On any given day, one team can beat another. Games aren’t played on paper: they’re played on the unpredictable playing field where anything can happen — and that’s why people watch.

So the fact that North Dakota State beat the Rams 22-7 Saturday night should not come as a shock, especially if you saw the way the Rams practiced leading up to the game.

“We didn’t have a very good week of practice this week, and that was evident early on,” center Weston Richburg said after the game. “They just flat out beat us today.
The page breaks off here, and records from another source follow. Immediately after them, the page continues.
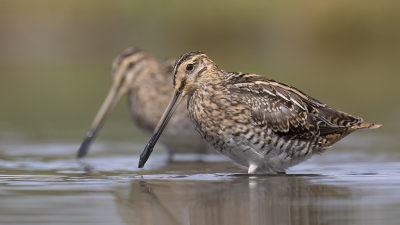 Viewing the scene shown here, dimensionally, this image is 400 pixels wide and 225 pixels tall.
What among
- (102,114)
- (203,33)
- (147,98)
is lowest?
(102,114)

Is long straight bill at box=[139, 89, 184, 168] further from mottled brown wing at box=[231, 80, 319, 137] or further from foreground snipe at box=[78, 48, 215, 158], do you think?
foreground snipe at box=[78, 48, 215, 158]

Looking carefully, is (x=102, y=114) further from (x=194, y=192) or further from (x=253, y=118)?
(x=194, y=192)

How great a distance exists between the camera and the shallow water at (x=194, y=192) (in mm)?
4758

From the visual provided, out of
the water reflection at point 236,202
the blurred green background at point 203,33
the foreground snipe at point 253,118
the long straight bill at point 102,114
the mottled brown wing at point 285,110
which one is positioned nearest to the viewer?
the water reflection at point 236,202

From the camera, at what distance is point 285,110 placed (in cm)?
684

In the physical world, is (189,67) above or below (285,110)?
above

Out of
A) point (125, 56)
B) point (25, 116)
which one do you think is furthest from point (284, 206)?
point (25, 116)

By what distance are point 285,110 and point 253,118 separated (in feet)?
1.29

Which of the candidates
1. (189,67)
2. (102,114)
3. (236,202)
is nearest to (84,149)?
(102,114)

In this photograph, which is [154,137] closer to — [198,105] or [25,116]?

They played better, they were the better team today.”

In virtually every aspect of the game — passing yards, rushing yards, turnovers, even kick return yards — North Dakota State was better than CSU.

Numerous opportunities arose for the Rams throughout the game to get back in control after North Dakota State took a 19-7 lead at halftime, but every time, CSU failed to take advantage.

The Rams had all the momentum in the game after scoring first on a blisteringly-fast three play, 80-yard touchdown drive on their first possession of the game.

The rest of the game would be riddled with mistakes for CSU, as the first scoring drive of the game turned out to be its last.

Following the Rams’ touchdown drive, North Dakota State answered with one of their own and after a CSU punt, drove the ball all the way down to the Rams’ one yard line and faced a fourth-and-goal from there.

North Dakota State coach Craig Bohl decided to go for the touchdown on fourth down and got stopped on the goal line by CSU’s Cory James and Shaquil Barrett.

On the very next play, however, CSU’s Tommey Morris got tackled in the end zone for a safety, giving all the momentum right back to the Bison.

“It hurt us a little bit,” Barrett said. “But we’ve just always gotta be able to bounce back and be able to play the next play.”

The Rams didn’t rebound from the safety, as North Dakota State marched all the way down the length of the field en route to a 12-play, 67-yard touchdown drive. The Bison started to bully CSU and had the Rams back on their heels.

“You know people tell us we aren’t talented enough and we aren’t big enough,” North Dakota State defensive end Cole Jirik said. “But that doesn’t matter when you play like you’re supposed to.”

North Dakota State took advantage of the mistakes CSU made, particularly the inability of the Rams to execute and convert on third downs, as the Rams went 1-for-10 on third downs compared with North Dakota State’s 12-for-21 mark.

“This did not happen by chance,” North Dakota State coach Craig Bohl said. “It was a methodical plan that those guys put together all week long and came out and performed really well. That occurred because the guys had a great week of practice and they beat a good football team.”

So as North Dakota State revels in its third victory in three years over an FBS school, the Rams now return to the film room to get back to work in preparation for Saturday’s game against San Jose State.

“I’m looking forward to getting to work tomorrow,” McElwain said on Saturday. “I haven’t lost many games the last couple years, but you know what, this is a challenge, this is why you go into it. You’ve got a chance to affect young men’s lives and I’m looking forward to getting back at it.”